Is there a way to fix the format to account for empty columns without having to parse each column with sscanf individually?


Solution

  • Use "%n" to determine offset of scan parts.

    Use " " to scan past optional white-spaces.

    *scanf() does not like to scan/form 0-length strings, so when scanning a column, consider the [ as part of the string to insure at least 1 character in the string.

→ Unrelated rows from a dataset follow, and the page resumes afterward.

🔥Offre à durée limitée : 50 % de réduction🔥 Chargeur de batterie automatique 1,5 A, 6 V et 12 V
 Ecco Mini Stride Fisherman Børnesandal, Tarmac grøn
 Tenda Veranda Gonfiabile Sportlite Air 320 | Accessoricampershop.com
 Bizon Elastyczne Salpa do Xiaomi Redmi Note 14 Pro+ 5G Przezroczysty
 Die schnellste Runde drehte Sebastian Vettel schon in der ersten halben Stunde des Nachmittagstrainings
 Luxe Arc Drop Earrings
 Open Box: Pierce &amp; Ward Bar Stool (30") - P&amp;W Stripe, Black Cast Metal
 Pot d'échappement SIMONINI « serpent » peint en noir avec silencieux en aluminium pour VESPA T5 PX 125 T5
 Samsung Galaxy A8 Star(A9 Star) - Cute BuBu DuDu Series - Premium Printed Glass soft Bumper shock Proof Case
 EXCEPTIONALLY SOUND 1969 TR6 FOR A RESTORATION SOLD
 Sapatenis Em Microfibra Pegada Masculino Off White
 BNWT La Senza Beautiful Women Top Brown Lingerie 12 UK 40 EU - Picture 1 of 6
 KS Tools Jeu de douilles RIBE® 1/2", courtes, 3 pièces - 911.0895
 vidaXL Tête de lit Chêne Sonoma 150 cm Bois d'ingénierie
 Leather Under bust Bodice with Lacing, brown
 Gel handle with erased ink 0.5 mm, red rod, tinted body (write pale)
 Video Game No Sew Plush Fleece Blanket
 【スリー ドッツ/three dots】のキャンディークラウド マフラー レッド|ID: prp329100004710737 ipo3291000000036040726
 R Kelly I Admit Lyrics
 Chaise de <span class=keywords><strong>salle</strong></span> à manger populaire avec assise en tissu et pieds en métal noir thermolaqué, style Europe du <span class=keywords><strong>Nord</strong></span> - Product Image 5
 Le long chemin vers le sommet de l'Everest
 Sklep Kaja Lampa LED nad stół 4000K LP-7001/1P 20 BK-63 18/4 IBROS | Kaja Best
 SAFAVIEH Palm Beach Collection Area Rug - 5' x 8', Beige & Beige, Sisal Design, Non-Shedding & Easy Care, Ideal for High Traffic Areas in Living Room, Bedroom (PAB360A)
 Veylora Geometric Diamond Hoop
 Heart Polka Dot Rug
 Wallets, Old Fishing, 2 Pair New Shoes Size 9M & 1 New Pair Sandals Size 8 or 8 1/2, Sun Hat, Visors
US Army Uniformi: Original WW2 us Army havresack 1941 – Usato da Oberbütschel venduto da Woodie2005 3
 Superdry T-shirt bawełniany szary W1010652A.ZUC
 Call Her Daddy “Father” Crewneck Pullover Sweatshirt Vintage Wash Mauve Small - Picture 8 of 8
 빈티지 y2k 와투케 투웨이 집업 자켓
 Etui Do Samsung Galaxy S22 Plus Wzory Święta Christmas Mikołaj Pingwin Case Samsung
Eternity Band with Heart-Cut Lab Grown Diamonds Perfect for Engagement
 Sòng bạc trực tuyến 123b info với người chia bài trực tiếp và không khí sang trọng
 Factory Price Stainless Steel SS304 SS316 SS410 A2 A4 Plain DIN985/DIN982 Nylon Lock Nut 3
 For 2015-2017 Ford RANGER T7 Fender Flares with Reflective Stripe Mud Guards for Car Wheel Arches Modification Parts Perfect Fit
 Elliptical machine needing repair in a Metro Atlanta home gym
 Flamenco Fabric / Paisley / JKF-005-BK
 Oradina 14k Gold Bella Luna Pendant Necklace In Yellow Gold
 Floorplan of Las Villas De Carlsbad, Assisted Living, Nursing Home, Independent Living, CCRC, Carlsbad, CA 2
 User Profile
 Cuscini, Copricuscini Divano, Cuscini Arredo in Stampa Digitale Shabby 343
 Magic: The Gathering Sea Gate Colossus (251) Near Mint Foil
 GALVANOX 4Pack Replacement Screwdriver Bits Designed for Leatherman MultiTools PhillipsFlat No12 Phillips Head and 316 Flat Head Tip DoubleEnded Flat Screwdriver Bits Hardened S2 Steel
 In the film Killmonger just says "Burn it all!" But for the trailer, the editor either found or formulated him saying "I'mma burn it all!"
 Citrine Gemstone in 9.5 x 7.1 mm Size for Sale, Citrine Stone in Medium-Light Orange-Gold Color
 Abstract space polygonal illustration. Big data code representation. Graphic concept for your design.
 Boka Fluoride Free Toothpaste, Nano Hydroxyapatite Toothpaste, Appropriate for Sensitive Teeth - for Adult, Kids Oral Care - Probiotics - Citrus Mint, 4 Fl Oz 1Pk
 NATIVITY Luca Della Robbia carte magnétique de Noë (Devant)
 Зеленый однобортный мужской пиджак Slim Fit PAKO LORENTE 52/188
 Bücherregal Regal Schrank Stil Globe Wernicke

Later, start the field one passed the '['.

    #include <stdio.h>
    #define FN 8
    
    char *cut_up_line(char *offset[FN], char * line) {
      for (int i = 0; i < FN; i++) {
        int field_end;
        int column_end = 0;
        // If possible for the line to include unusually white-spaces,
        // adjust format to include them: "%*[^] \t\r\v\f]%n ] %n"
        sscanf(line, "%*[^] \t]%n ] %n", &field_end, &column_end);
        if (column_end == 0) {
          // debug: printf("-%d <%s>\n", i, line);
          return NULL;
        }
        // Maybe add test here that *line is a '['.
        offset[i] = line + 1;
        line[field_end] = '\0';
        line += column_end;
        // debug: printf("+%d <%s>\n", i, offset[i]);
      }
      return line;
    }
    
    
    void test(char *line) {
      printf("<%s>\n", line);
      char *field[FN];
      if (cut_up_line(field, line) == NULL) {
        printf("** Failed **\n");
      } else {
        for (int i = 0; i < FN; i++) {
          printf("  %d:<%s>\n", i, field[i]);
        }
      }
    }
    
    
    int main() {
      char s1[] = "[8] [13420] [    ] [        ] [pts/3       ] [                    ] [0.0.0.0        ] [2024-07-22T11:18:29,836564+00:00]";
      char s2[] = "[7] [13611] [ts/3] [john    ] [pts/3       ] [192.168.1.38        ] [192.168.1.38   ] [2024-07-22T11:21:30,065856+00:00]";
      char s3[] = "[8] [13611] [    ] [        ] [pts/3       ] [                    ] [0.0.0.0        ] [2024-07-22T11:21:41,814051+00:00]";
    
      test(s1);
      test(s2);
      test(s3);
    }
    

    Output

    <[8] [13420] [    ] [        ] [pts/3       ] [                    ] [0.0.0.0        ] [2024-07-22T11:18:29,836564+00:00]>
      0:<8>
      1:<13420>
      2:<>
      3:<>
      4:<pts/3>
      5:<>
      6:<0.0.0.0>
      7:<2024-07-22T11:18:29,836564+00:00>
    <[7] [13611] [ts/3] [john    ] [pts/3       ] [192.168.1.38        ] [192.168.1.38   ] [2024-07-22T11:21:30,065856+00:00]>
      0:<7>
      1:<13611>
      2:<ts/3>
      3:<john>
      4:<pts/3>
      5:<192.168.1.38>
      6:<192.168.1.38>
      7:<2024-07-22T11:21:30,065856+00:00>
    <[8] [13611] [    ] [        ] [pts/3       ] [                    ] [0.0.0.0        ] [2024-07-22T11:21:41,814051+00:00]>
      0:<8>
      1:<13611>
      2:<>
      3:<>
      4:<pts/3>
      5:<>
      6:<0.0.0.0>
      7:<2024-07-22T11:21:41,814051+00:00>
    
    • Some formats deserve being broken up for clarity
    #define FMT_ALL_BUT_RBRACKET_WSPACE "%*[^] \t\r\n\f\v]"
    ...
    sscanf(line, FMT_ALL_BUT_RBRACKET_WSPACE "%n ] %n", &field_end, &column_end);
    
    • This code takes advantage that line is likely writable and so the tokenized fields are saved in line by adding null characters. This avoids buffer overflow issues.